Biz bu soruları yanıtlamaya çalışmayı kendi açımızdan gerekli görmeyiz bile. Çünkü bu yanıtlamayı bunlara karşı tezde olanlar, bu konuyu çok iyi bildiklerini söyleyenler, bilerek inananlar yapmalı, açıklamayı onlar getirmeli diye düşünürüm.

Bunlar dini ya da inancı sorgulamak değildir. Dine sokuşturulmuş ve insanların zorla inanılması sağlanmış, böylelikle çıkarlar elde edilmiş ve edilmesi de sürdürülen dogmaların sorgulanmasıdır. Daha başlangıcından düşünme özgürlükleri engellenmiş, bilmeden ve bilemeden inandırılmış, öğrenmelerine ne fırsat ne olanak tanınmış olanların savunmasıdır.

Orta Çağda kitap kopyalamanın bile günah sayılarak, bırakın kopyalayanı, okunmaması gereken bir kitabı okuyanın bile yakıldığını unuttunuz mu?… Bilimin Hıristiyan dünyasına sokulmaması için yüzlerce yıl uğraşmışlar.

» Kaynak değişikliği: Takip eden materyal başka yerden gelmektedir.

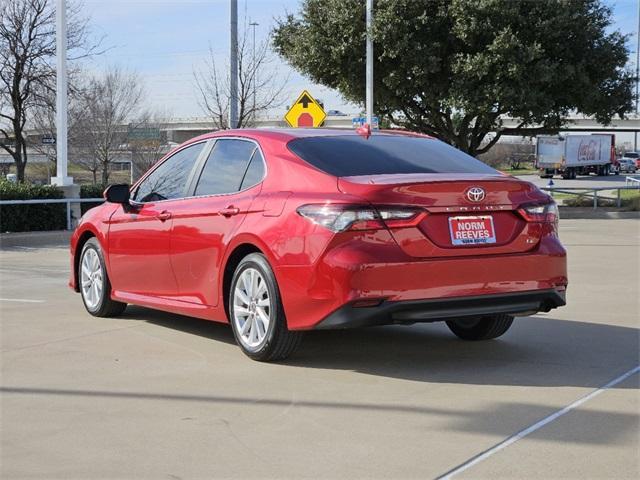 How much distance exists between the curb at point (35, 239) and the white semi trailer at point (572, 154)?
5343cm

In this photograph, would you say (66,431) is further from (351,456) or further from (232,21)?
(232,21)

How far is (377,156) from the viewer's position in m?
6.77

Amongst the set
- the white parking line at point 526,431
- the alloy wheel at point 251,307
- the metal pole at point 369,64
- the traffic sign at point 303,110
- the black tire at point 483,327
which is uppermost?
the metal pole at point 369,64

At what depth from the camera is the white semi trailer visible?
70.4 metres

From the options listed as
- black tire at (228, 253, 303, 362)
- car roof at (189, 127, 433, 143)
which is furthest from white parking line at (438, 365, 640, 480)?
car roof at (189, 127, 433, 143)

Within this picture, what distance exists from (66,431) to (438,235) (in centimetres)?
257

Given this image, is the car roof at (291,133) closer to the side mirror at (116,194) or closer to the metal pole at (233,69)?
the side mirror at (116,194)

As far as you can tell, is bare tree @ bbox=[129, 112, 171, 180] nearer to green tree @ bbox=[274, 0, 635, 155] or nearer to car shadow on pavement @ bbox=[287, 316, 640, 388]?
green tree @ bbox=[274, 0, 635, 155]

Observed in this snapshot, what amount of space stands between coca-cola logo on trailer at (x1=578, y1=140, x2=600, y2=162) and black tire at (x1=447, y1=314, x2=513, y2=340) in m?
68.2

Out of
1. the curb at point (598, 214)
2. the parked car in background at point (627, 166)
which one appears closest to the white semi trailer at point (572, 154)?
the parked car in background at point (627, 166)

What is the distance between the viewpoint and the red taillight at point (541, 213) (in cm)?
643

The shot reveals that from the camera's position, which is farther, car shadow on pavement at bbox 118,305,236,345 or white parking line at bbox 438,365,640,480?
car shadow on pavement at bbox 118,305,236,345

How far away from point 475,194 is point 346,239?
0.94m

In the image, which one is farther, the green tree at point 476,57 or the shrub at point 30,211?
the green tree at point 476,57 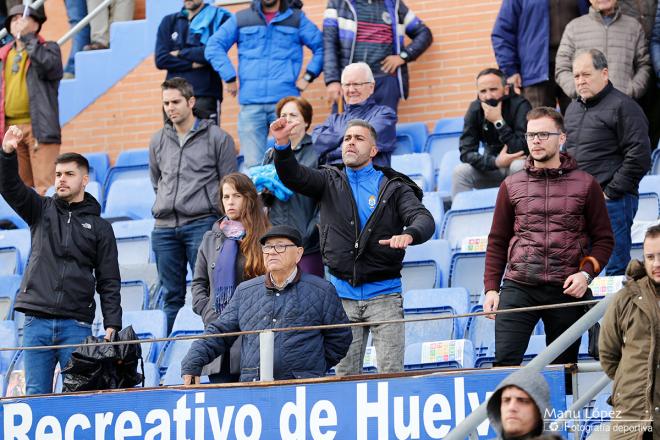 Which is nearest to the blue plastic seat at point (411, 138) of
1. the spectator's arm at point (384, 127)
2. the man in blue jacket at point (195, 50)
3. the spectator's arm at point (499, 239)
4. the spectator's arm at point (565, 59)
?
the man in blue jacket at point (195, 50)

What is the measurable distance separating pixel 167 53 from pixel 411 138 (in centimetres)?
212

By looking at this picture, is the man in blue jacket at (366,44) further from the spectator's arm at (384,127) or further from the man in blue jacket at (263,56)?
the spectator's arm at (384,127)

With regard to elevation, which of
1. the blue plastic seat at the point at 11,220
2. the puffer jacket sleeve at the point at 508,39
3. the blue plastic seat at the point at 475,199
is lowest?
the blue plastic seat at the point at 475,199

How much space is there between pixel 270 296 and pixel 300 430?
737 mm

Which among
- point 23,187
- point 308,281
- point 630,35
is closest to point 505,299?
A: point 308,281

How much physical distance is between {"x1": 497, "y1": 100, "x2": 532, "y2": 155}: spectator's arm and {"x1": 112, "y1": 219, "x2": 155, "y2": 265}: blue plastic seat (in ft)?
9.30

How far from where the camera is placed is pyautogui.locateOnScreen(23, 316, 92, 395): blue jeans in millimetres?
7816

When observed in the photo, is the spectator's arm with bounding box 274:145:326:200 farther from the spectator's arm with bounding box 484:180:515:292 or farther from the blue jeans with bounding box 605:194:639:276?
the blue jeans with bounding box 605:194:639:276

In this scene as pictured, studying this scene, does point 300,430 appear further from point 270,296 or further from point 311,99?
point 311,99

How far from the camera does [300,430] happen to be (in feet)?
22.1

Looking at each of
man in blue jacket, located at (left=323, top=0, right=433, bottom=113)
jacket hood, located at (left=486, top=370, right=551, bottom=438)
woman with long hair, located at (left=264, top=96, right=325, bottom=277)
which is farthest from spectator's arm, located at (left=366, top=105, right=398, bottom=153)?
jacket hood, located at (left=486, top=370, right=551, bottom=438)

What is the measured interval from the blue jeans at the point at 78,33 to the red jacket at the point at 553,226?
7.53m

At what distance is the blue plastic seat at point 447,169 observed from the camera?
1073 centimetres

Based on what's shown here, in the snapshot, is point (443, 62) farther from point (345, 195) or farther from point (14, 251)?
point (345, 195) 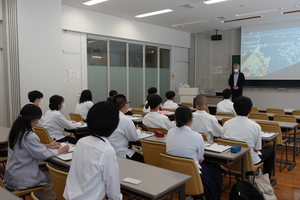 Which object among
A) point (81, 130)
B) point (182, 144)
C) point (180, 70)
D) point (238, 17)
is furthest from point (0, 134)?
point (180, 70)

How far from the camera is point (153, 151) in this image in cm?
293

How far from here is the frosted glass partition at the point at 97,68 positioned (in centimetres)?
781

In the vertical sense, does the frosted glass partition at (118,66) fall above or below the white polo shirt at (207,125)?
above

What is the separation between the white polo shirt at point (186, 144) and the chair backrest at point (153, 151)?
0.78 ft

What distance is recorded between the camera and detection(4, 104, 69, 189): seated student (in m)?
2.37

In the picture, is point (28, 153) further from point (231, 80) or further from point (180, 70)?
point (180, 70)

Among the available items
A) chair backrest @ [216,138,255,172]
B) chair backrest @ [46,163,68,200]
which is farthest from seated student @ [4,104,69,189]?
chair backrest @ [216,138,255,172]

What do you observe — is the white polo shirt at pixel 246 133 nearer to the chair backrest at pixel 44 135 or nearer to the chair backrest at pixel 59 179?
the chair backrest at pixel 59 179

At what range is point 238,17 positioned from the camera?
844 cm

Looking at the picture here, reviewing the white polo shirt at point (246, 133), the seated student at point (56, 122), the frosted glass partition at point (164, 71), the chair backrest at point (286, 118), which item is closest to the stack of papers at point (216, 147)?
the white polo shirt at point (246, 133)

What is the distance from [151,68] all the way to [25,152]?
7764mm

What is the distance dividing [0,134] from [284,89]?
897 centimetres

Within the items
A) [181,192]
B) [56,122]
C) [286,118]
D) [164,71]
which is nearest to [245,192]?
[181,192]

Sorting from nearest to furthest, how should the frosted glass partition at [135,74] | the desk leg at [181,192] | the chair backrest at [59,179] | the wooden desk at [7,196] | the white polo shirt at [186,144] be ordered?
the wooden desk at [7,196] < the chair backrest at [59,179] < the desk leg at [181,192] < the white polo shirt at [186,144] < the frosted glass partition at [135,74] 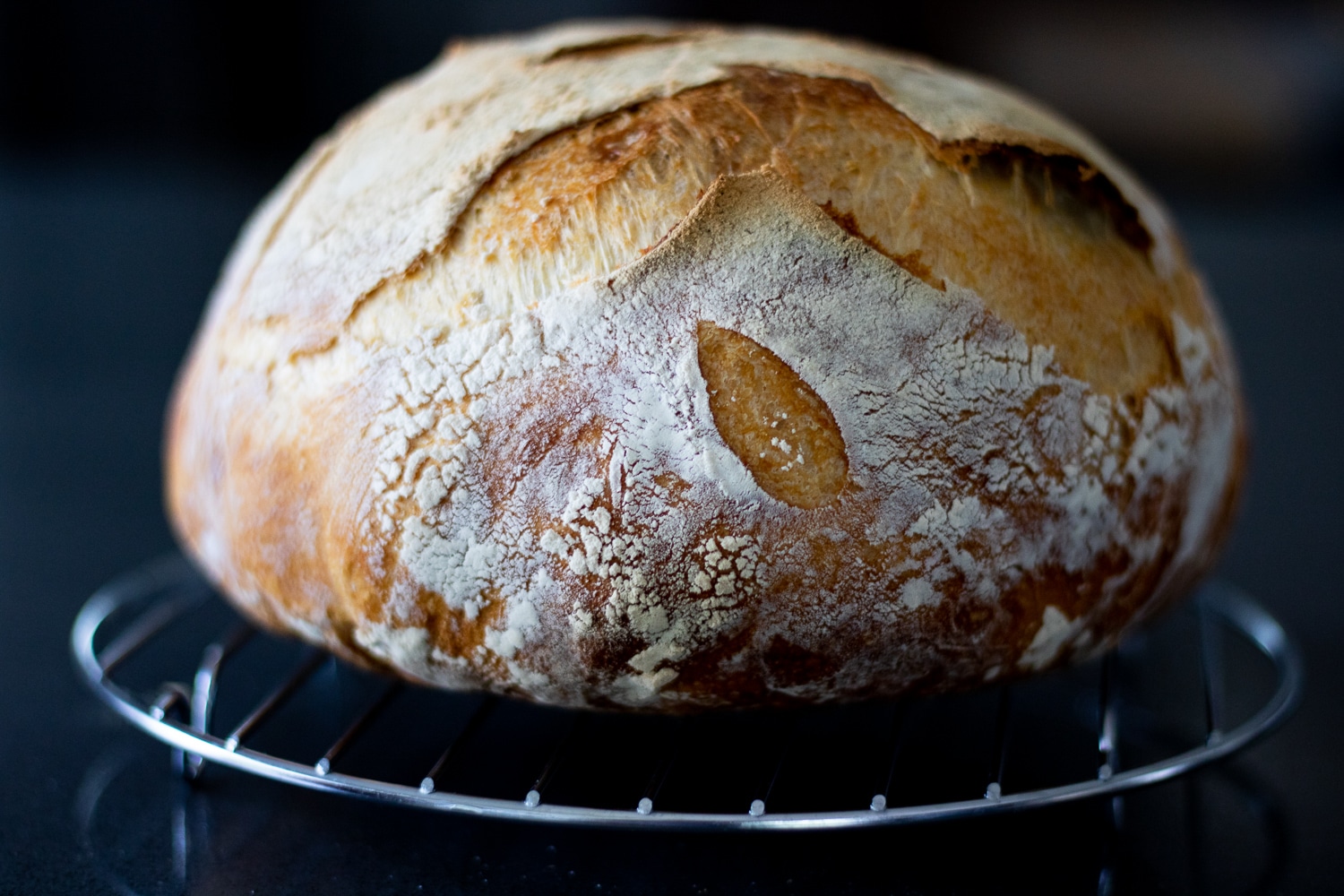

İsa'nın yapıp etmelerine ilişkin bilimsel nitelikli veriler pek az. (Bunlardan birine az sonra değineceğim.) Bilgilerin büyük çoğunluğu İncil kaynaklı. Bunların dışında her türlü bilginin geçersiz olduğu ileri sürülmüş ve ileri sürülmekle de kalmayıp zihinlere işlenmiş. (Öylesine ki, kabul edilmiş dört İncil’den sonra, nasıl olmuşsa yakılmaktan kurtarılıp saklanmış bir beşincisi ortaya çıktığında, kıyametler koptu.)

Nitekim bu nedenle tarihte o İsa'nın gerçekten yaşayıp yaşamamış olduğu bile sorgulanmıştır. Çünkü yaşamış olduğuna ilişkin bilimsel kanıtlar bile zayıf (yetersiz) kalmakta, sadece, "Şayet yaşamışsa İncil'deki (hangisi olursa olsun) anlatımların işte şurasında şu yanlışlık var." denilebilmektedir.

Ancak İncil’in herhangi bir yerinde önemli bir yanlışlık varsa, ötesinin kesinlikle doğru olduğuna nasıl inanılabilir?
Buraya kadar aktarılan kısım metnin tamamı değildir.